Chapter Eight
Ryan rose from his drug-induced dreams like Orpheus ascending from Hades. Every horror he had seen, every atrocity he had witnessed, every terrible act he himself had been forced to commit or had visited against him in this fire-blasted world had come to him, come back assisted, exaggerated and multiplied tenfold by his imagination and the hallucinogenic vileness Baron Barat had poured forth into his cup. The world spun as Ryan became aware of his surroundings. He tried to rise and put his feet beneath him, but fell. Constable Jorge-Teo and his sec men laughed as Ryan fell from his bunk and knocked over the slop bucket.
Ryan lay naked in filth. A shuddering smile passed across his crusted lips. Naked except for his eye patch. That was the second and last mistake these chill-pale, rad-blasted sec muties were ever going to make. The men stopped laughing as someone pounded on the door. Ryan lay where he was and spent time gathering himself.
The door opened. Jorge-Teo called out in greeting. “Father Joao! I see your fishing trip went well!” He laughed again and called back to the holding cells. “Hey! Prisoner! Your friends are here!”
Ryan ignored the imperative to look and just lay on the concrete. Ryan recognized Mildred Wyeth’s voice as she made an outraged snarl. The constable wasn’t pleased with Ryan’s recalcitrance. “Mateus! Get him up.”
Mateus was a lanky man as tall as Doc but with black hair and bad teeth. He walked up to the cell and drew another of the home-rolled, double-barrel blasters the sec men in these parts seemed to favor. “Hey, this one is loaded with salt.” He jerked the barrels upward, indicating Ryan should stand. “But you still won’t like it.”
Ryan still felt as weak as a kitten, and being blasted with rock salt wasn’t going to improve matters. He crawled across the floor and used the bars of the cell to haul himself up to a swaying, standing position. Jak and Mildred were bound by the hands. Neither one looked injured. The sec man behind Mildred couldn’t seem to keep his chalk-white hand off her behind. The muzzles of the blaster pressed against the back of her head were telling her to shut up and love it. Another man was putting Jak’s and Mildred’s weapons and packs in a locker. Ryan’s blasters weren’t among them, and he suspected the baron had confiscated them for himself. Ryan met the eyes of a chalk-faced man in a hooded black robe with red piping. His black hair was tonsured rather than long, and he had a short mustache and beard. He wore a golden crucifix around his neck.
Father Joao.
“Prisoner.” The priest gestured at his captives. “You know these?”

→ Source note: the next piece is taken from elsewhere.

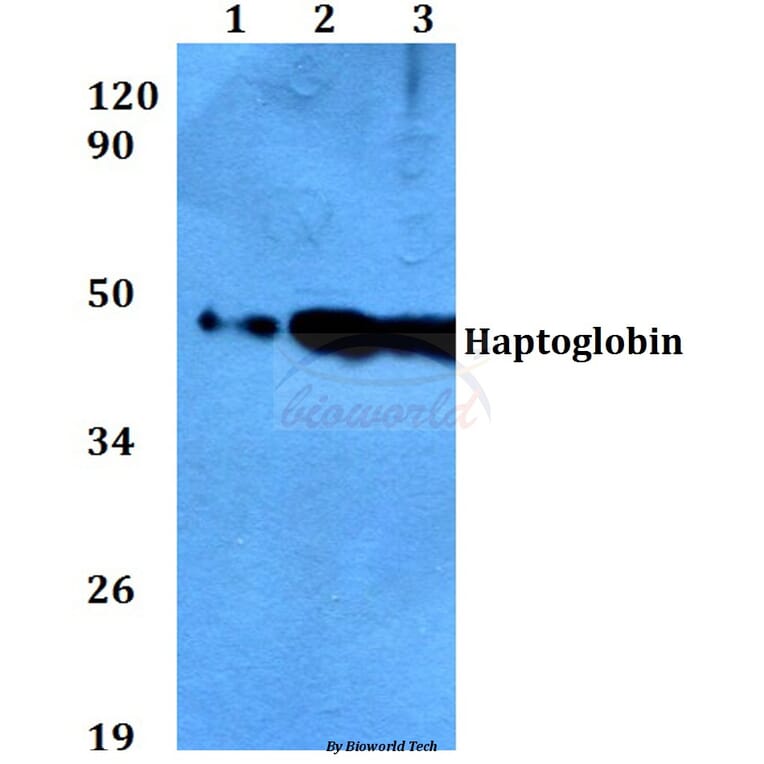 Anti-Haptoglobin (V328) Antibody from Bioworld Technology (BS3681) - Antibodies.com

Ryan looked back and forth between Jak and Mildred. He spit as he surveyed Jak. “He’s one of you.” Ryan’s eye slid across Mildred in disgust. “I don’t know what kind of rad-burned mutie that is.” Ryan turned and shuffled back to his bunk. He waited for the double blast of rock salt in his back, but it didn’t come.

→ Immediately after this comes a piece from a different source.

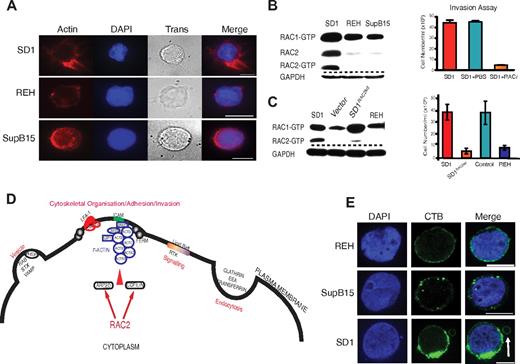 Figure 3. RAC2 is associated with cytoskeletal reorganization and invasion by SD1 cells. (A) Organized filamentous actin is present in SD1 cells compared with REH and SupB15. Cells were stained with Alexa Fluor 555 phalloidin (red); DAPI stains the nuclei. Trans refers to bright-field images. Original magnification is ×100. Scale bar indicates 5 μm. (B) Whereas all cell lines expressed RAC1, SD1 alone expressed detectable active RAC2 (left panel). Invasion by SD1 cells was significantly (P < .0001) inhibited by preincubation with a RAC inhibitor (RACi, 100μM; right panel). (C) SD1RAC2kd cells expressed RAC1 but not RAC2 (left panel) and exhibited significantly decreased in vitro invasion compared with SD1 (P = .009; right panel). Dashed lines denote spliced noncontiguous lines within gels. (D) Conceptual model of proteins identified in Table 1 suggesting that adhesion is mediated by ICAM1 and LFA-1 as part of a RAC2-initiated invasion process. (E) All 3 cell line membranes were enriched in lipid rafts, most prominently in SD1. In addition, in SD1, lipid raft–enriched peripheral vesicles are seen (arrow). Lipid rafts were labeled with the fluorophore-tagged cholera toxin B subunit (green); DAPI stains the nucleus. Original magnification is ×100. Scale bar indicates 10μm. For panels A and E, data were viewed and captured using a low light imaging system based around a Zeiss Axiovert 200M microscope using a Zeiss α Plan-Fluor 100×/1.45 numerical aperture (NA) objective lens and an Andor iXon3 EMCCD 888 camera. Using Applied Scientific Imaging MS2000, stage focus and volume imaging were attained. The system illumination was controlled via Sutter λ 10-3 and associated filter wheels and light sources were a Sutter Lambda-LS 300W Xenon UV light source and a Thorlabs white light LED for transmitted light. UV filters used were the Chroma ET-Sedat filter set. The equipment was enclosed in an environmental chamber and for fixed cell imaging, all work was carried out at 25°C. The equipment was controlled via Metamorph software (Molecular Devices).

The constable was amused once more. “Well, either our friend is a very uneducated man or he is lying.” He examined his two new detainees. His eyes lingered long on Mildred’s shapely form. “An African and an albino. I must say I am intrigued.”
Mildred was in no mood to be contrite. “Why don’t you start singing Ebony and Ivory and watch what happens.”
Constable Jorge-Teo stared for a few uncomprehending heartbeats and then jerked his head at the sec man behind her. “Valter!” Mildred crumpled as Valter drove the butt of his blaster into her kidney. The men all laughed. Father Joao tsked in unconvincing disapproval. Valter stared down at Mildred in open cupidity.
“I want this one.”
Jorge-Teo scowled and his hand went to his semiauto blaster. Father Joao raised a warning hand. “It is the baron who decides who is to breed with who and when outside of marriage.”
Tension filled the sec station.
Valter broke the tension with a leer. “Who said breed?” He stared down knowingly at Mildred as she pushed herself up to hands and knees. “She has other holes.”
Jorge-Teo grinned and called back, “Prisoner! What do you think?”
Ryan stayed in the shadows of his bunk. The slop bucket scraped as he pulled it to him. He had nothing left in his stomach, but he stuck his finger down his throat and retched. The sec men all laughed once more.
“I don’t think he cares,” Valter stated.
Jorge-Teo nodded at Father Joao. “Perhaps you should go outside and keep watch.”
“Constable!” Father Joao lapsed into Portuguese as he protested.
Jorge-Teo returned the conversation to English for the benefit of the captives. “Come now, Father, we all know what you do in your cottage with that little island girl the baron gave you.”
Father Joao’s alabaster skin flushed pink.
All the sec men laughed once more. Jorge-Teo shrugged. “You can do the same to the African when we are finished. As long as her womb is not damaged, the baron will not mind so much. I believe we would all like to see it.” The men laughed again, but cruelty replaced shame in the priest’s eyes as he moved to the door. Jorge-Teo raised a cautioning hand. “You see the baron’s wag or his personal guard, you knock three times. Best we apologize later than be caught now.”
“Yes, Constable, I understand.”
“And, Father?”
“Yes, Constable?”
“I know you are distracted, and we are in town, and you pray for us, but remember our duty. Keep an eye out for the nightwalkers.”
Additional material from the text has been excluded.